Need help with a practice probability question for Exam P!

#1
Here is the question - The length of time, in years, that a person will remember an actuarial statistic is modeled by an exponential distribution with mean 1/Y. In a certain population, Y has a gamma distribution with a=2 and B=1/2. Calculate the probability that a person drawn at random from this population will remember an actuarial statistic less than 1/2 year.

Here's how far I have gotten, which isn't very btw.
T= length someone remembers an actuarial statistic
T|Y has an exp distribution with mean 1/Y so f(t|y)=ye^(-ty)
f(y)=4ye^(-2y)
We need to figure out P(T<1/2).
I figure I could find f(t) by multiplying f(t|y) and f(y) to get f(t,y) and then integrating that with respect to y to get f(t). But the integral looks too messy.

Please explain this to me without the use of MGF. The manual I have explains it using MGF which isn't making any sense to me.

Thanks in advance!
 

Dason

Ambassador to the humans
#2
When you look at f(t|y)f(y) is there any way to get that to look like a familiar distribution with respect to y? Possibly one of the distributions you're working with? You might need a few constants but see if you can find anything that looks like a distribution you know.

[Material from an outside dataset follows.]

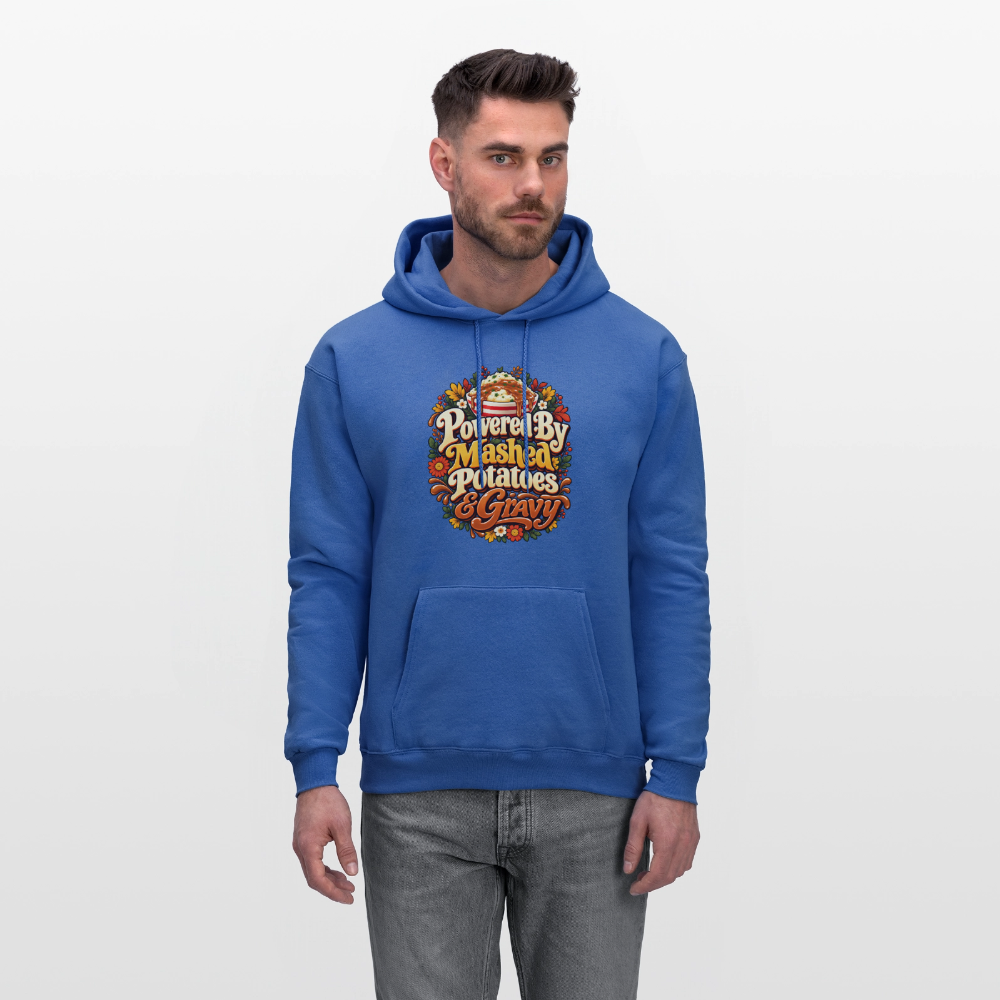 Powered by Mashed Potatoes & Gravy – Fall Floral Hoodie - royal blue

You'll probably use this kind of trick *a lot* in the future so you might want to get used to spotting the kernel of a distribution in an integral which makes evaluating the integral a lot easier.
 

BGM

TS Contributor
#3
Try to make yourself familiar with the gamma distribution and its integral:

If \( X \sim Gamma(\alpha, \beta) \), then its p.d.f.
\( f_X(x) = \frac {1} {\Gamma(\alpha)\beta^\alpha} x^{\alpha-1}
e^{-\frac {x} {\beta}}, x > 0, \alpha > 0, \beta > 0 \)
\( \Rightarrow \int_0^{+\infty} \frac {1} {\Gamma(\alpha)\beta^\alpha}
x^{\alpha-1} e^{-\frac {x} {\beta}} dx = 1 \)
\( \Rightarrow \int_0^{+\infty} x^{\alpha-1} e^{-\frac {x} {\beta}} dx
= \Gamma(\alpha)\beta^\alpha \)

Now \( f_{T,Y}(t, y) = f_{T|Y=y}(t|y)f_Y(y) = ye^{-ty}4ye^{-2y}
= 4y^2e^{-(t+2)y} \)
You should be able to figure out the corresponding parameters
and get the p.d.f. for \( T \).

Actually you can use
\( Pr\{T < \frac {1} {2}\}
= \int_0^{+\infty} Pr\{T < \frac {1} {2}|Y = y\}f_Y(y)dy \)
so you just need to find out the c.d.f. of \( T|Y = y \),
which is easy as it is just an exponential distribution